Xavier enters planning phase of new medical school
October 28, 2022
By Tyana Jackson, Staff Writer
Xavier will mark its centennial year in 2025. As the university looks to its future it aims to expand its reputation as a leader in the nation for producing African-American students who pursue medical degrees and careers in biomedical and STEM fields.
On April 21, Xavier announced that they were in the planning phase of a Graduate School of Health Sciences and a Medical School. The goal is part of the university’s mission to work to close gaps in health disparities and underrepresentation among healthcare providers. In building a path to a medical school, Xavier has created graduate programs in Pharmaceutical Sciences, Genetic Counseling and Health Informatics, a Physician Assistant program, and a Speech Pathology Master of Science program.
“One of the criteria in our thinking is also where is the representation of African- Americans needed,” said Xavier’s president Dr. Reynold Verret. “Now the piece of the medical school is also Xavier’s commitment to… our mission … to contribute to a more just and humane society. Outside these economic inequalities are the health disparities,” Verret said.
The medical school will serve as a reinvention of the university that will expand educational opportunities for current and future students to pursue careers in medicine. “While planning the medical school and other programs we think about how this new program will help to integrate a profession that is segregated not by law but by labor statistics,” said Dr. Anne McCall, Xavier’s senior vice president of Academic Affairs and provost.
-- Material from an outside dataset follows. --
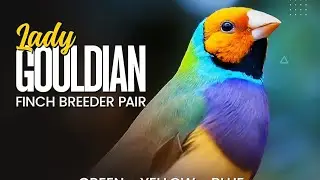 #video #birds #viralvideo #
Once there were 19 Black medical schools. Today there are four: Howard University School of Medicine, Morehouse School of Medicine, Meharry Medical College and Charles R. Drew University of Medicine and Science. Faculty believe that Xavier is uniquely poised in the South to join the small group of HBCU medical schools.
“We are able to get really good students to come here and I really see the same thing happening with the new medical school,” said Dr. Corey Harrison, an assistant professor in the Biology department at Xavier. “They’re in a really amazing position right now because there aren’t many HBCU’s with medical schools so this will give those minority students an opportunity to actually become medical doctors,” Harrison said.
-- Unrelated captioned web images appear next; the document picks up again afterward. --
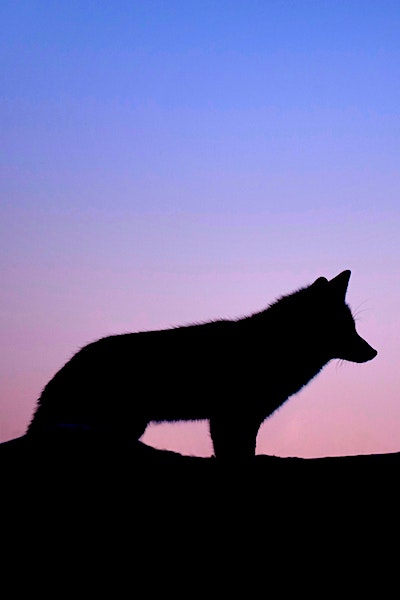 loners coronavirus wolf silhouette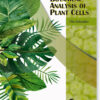 Botanical Analysis Of Plant Cells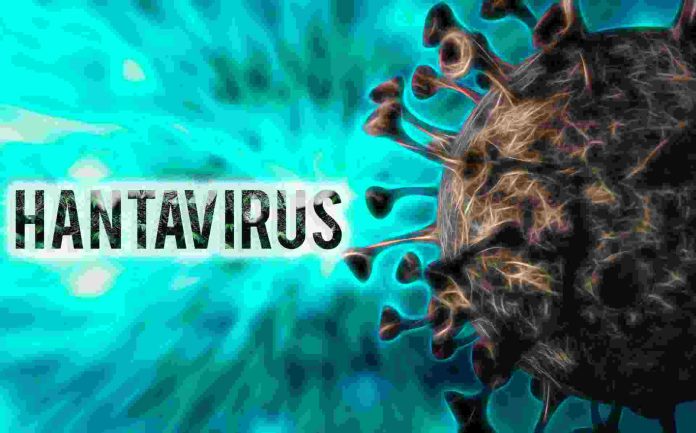 NC monitorea el hantavirus: No hay casos hasta ahora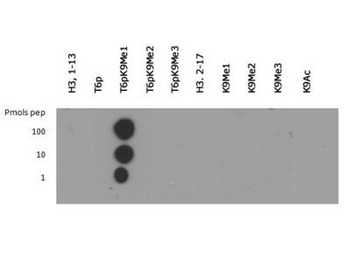 Histone H3 K9me1/phospho T6 Antibody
Black students in 2020 made up only 11-percent of medical school first-year students according to the Association of American Medical Colleges. Xavier hopes to continue to be an important player in not only providing to the pipeline to other medical schools but one day to provide more students with pathways to medical school.
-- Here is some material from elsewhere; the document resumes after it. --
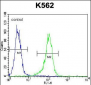 LIPC Antibody (Center)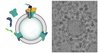 Mithilfe zellfreier Proteinsynthese wird das Sec- Translokon aus einzelnen Bestandteilen zusammengebaut und in künstliche Zellen integriert, wie das elektronenmikroskopische Bild (rechts) zeigt. Mithilfe zellfreier Proteinsynthese wird das Sec- Translokon aus einzelnen Bestandteilen zusammengebaut und in künstliche Zellen integriert, wie das elektronenmikroskopische Bild (rechts) zeigt.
“Right now when I look at medical schools I want them to be high in diversity because I wanted to be surrounded by Black people who are doing the same things that I want to also while motivating me,” said Morgan Banks, a sophomore biology, pre-medicine major from Alabama.
“With the new announcements for the medical school and new buildings on campus, it also makes me feel better about my decision to come to Xavier. I would love to attend an historically Black medical school just so I continue to be surrounded by Black excellence and just to foster my Black identity,” Banks said.